[What you have to do] Would you write out the listing verbatim and skip every picture in it?

[Given data]
▼

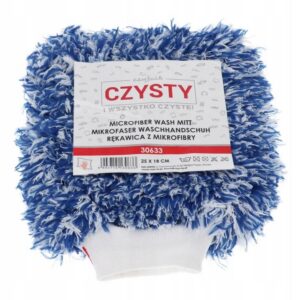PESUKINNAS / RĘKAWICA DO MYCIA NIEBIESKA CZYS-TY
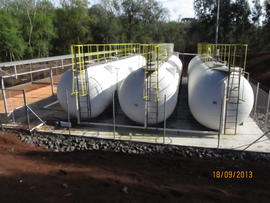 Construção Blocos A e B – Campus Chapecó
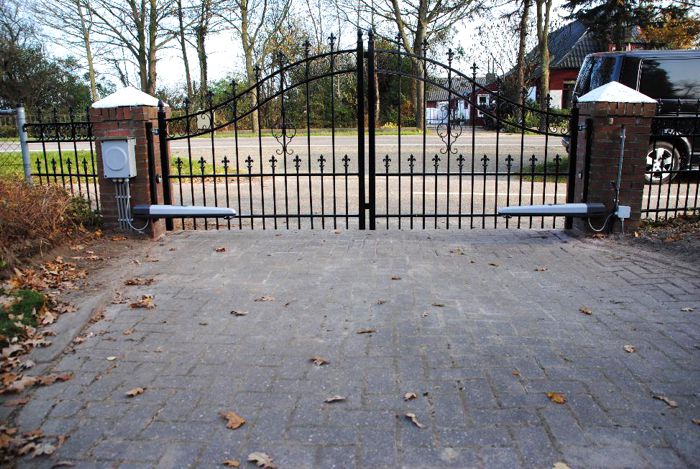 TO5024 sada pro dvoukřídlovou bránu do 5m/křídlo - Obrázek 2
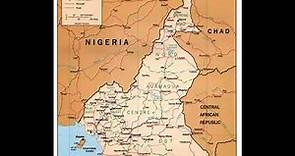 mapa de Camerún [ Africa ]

▲

[The answer]
PESUKINNAS / RĘKAWICA DO MYCIA NIEBIESKA CZYS-TY
 Construção Blocos A e B – Campus Chapecó
 TO5024 sada pro dvoukřídlovou bránu do 5m/křídlo - Obrázek 2
 mapa de Camerún [ Africa ]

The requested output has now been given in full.